Preferred route of Oxford-Cambridge expressway announced

National News News

Image Credit: Department for Transport/Oxford Mail

The Government’s preferred option for the new Oxford to Cambridge road link has been announced.

The new expressway, or dual carriageway, aims to provide a direct road link between Oxford and Cambridge via Milton Keynes, connecting what a report by Highways England calls “some of the UK’s most successful, productive and fastest growing functional economic areas.”

Initially, three options had been proposed, with Option A passing via Aylesbury using the A418, Option B utilising a new road alongside the reconstructed varsity line, recently given permission for the second stage of construction, and Option C using the A421 via Bicester.
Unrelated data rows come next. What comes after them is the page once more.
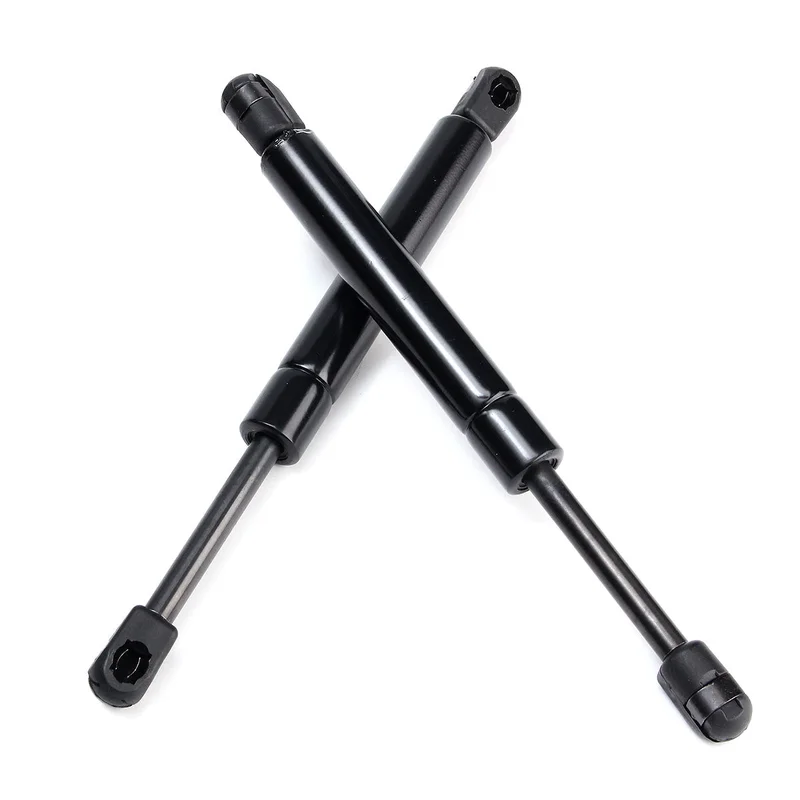 allesxl-13008522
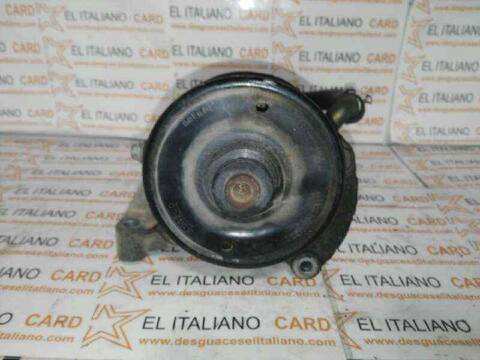 Foto 3ª: Bomba de Direccion Renault Espace 2.2 DT GRAND ESPACE RT 113CV 83KW (1998)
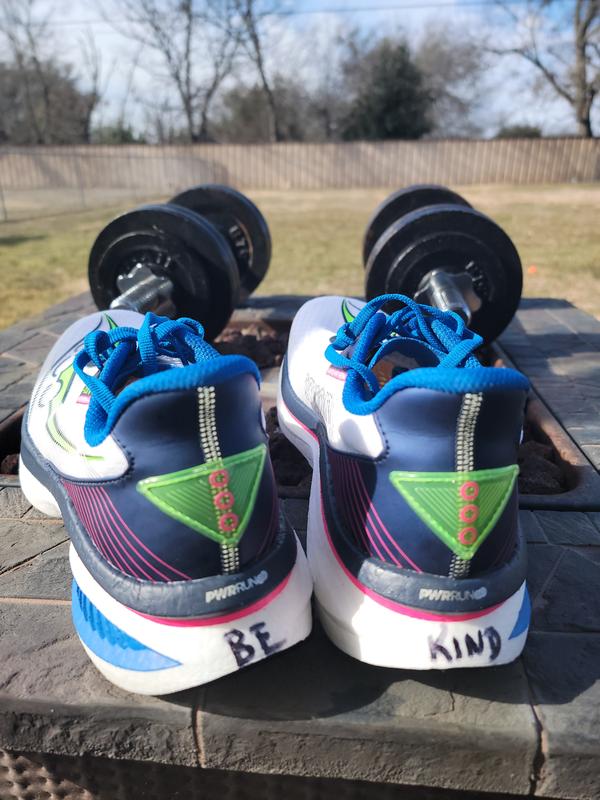 Review Thumbnail Image 1 380391262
Option B has been selected as the government’s preferred option, with the route expected to take around 40-50 minutes off a journey from Chieveley, south of Oxford, to Girton near Cambridge.

The Government sees the route as part of its strategic plan to improve connections between Oxford and Cambridge, increasing job catchment areas, the flow of academics and reducing congestion. Sajid Javid, then housing secretary, also said in March 2018 that he would approve 2 new towns to be constructed along the route, with the possibility for more. The expected announcement has not yet been made.

Campaigners have raised continued to raise concerns about the proposed route, after previous concerns were satisfied after the government ruled out the route passing through the Otmoor nature reserve. The No Expressway Alliance, a group formed last week from a range of smaller organisations to fight the plans, has said to The Oxford Student that “there is no need for this road” and would like to “see improved transport links through the rapid construction of the ‘East-West Rail’ Oxford – Cambridge rail link… before any road programme is considered.” The chief executive of the Berks, Bucks and Oxon Wildlife Trust, Estelle Bailey, said that “the potential impact on biodiversity of corridor B is so serious that the route should have been discounted entirely.”

Meanwhile, the council released a statement, which, while “welcome[ing] the commitment to plan for and invest in major infrastructure to support housing and economic growth in Oxfordshire”, also called for an end to the uncertainty surrounding the “opaque process” and a “prioritisation of clean, green and public transport.”

The expressway is currently forecast to open in 2031.